Boris Chatalbashev (Борис Чаталбашев; born 30 January 1974) is a Bulgarian and Danish chess Grandmaster (GM) (1997), four-times Bulgarian Chess Championship winner (1991, 1998, 2007, 2010). He won the Danish championship in 2023.

==Biography==
In the 1990s and 2000s, Boris Chatalbashev was one of the leading Bulgaria chess players.
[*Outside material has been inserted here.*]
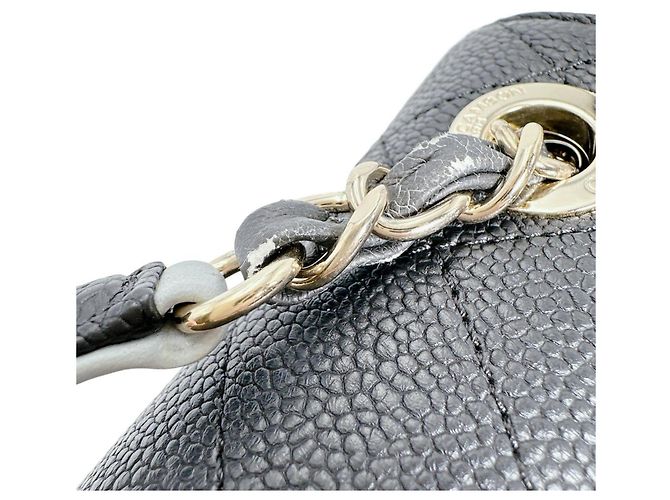 Borsa a spalla in pelle di vitello grana nera Chanel Nero - vista 10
He four times won Bulgarian Chess Championship: in 1991 (he became youngest champion in the history of Bulgarian chess), 1998, 2007, and 2010. Also he two times won Bulgarian Chess Championship silver medals: in 2004 and 2009. Boris Chatalbashev four times won Bulgarian Team Chess Championship with various chess clubs (2008, 2009, 2012, 2013).
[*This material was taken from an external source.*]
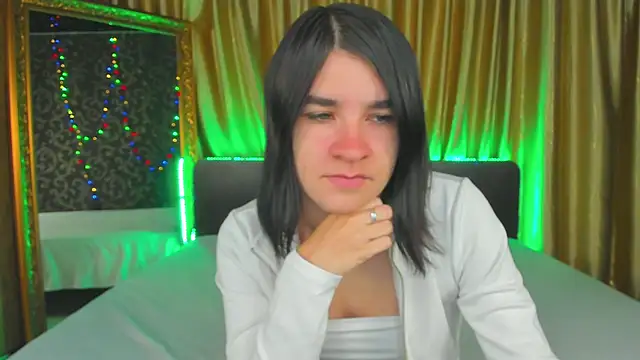  Polly Love  online show from October 2, 6:06 am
He won or shared the 1st place in many international chess tournaments, include Albena (1992), Pavlikeni (1994), Chambéry (1996), Paris (1997), Saint-Affrique (1998), Cutro (1998, 2001), Porto San Giorgio (2000, 2003), Imperia (2001), Val Thorens (2001, 2004), Reggio Emilia (2001/02), Balatonlelle (2002, 2003), Agde (2002), La Roda (2004), Genoa (2005), Sunny Beach (2005, 2006) and Rijeka (2007).

Boris Chatalbashev played for Bulgaria in the Chess Olympiads:
- In 1996, at second reserve in the 32nd Chess Olympiad in Yerevan (+1, =2, -1).
- In 1998, at first reserve board in the 33rd Chess Olympiad in Elista (+3, =3, -2),
- In 2004, at first reserve board in the 36th Chess Olympiad in Calvià (+3, =2, -1).

Boris Chatalbashev played for Bulgaria in the European Team Chess Championships:
- In 2003, at third board in the 14th European Team Chess Championship in Plovdiv (+1, =3, -2),
- In 2007, at first reserve board in the 16th European Team Chess Championship in Heraklion (+0, =6, -1).

Boris Chatalbashev played for Bulgaria in the Men's Chess Balkaniads:
- In 1992, at sixth board in the 23rd Chess Balkaniad in Mangalia (+3, =0, -0) and won team silver and individual gold medal.

In 1995, he was awarded the FIDE International Master (IM) title and received the FIDE Grandmaster (GM) title two years later.

In December 2021 he won 20000 leva on the Bulgarian version of "Who Wants to Be a Millionaire".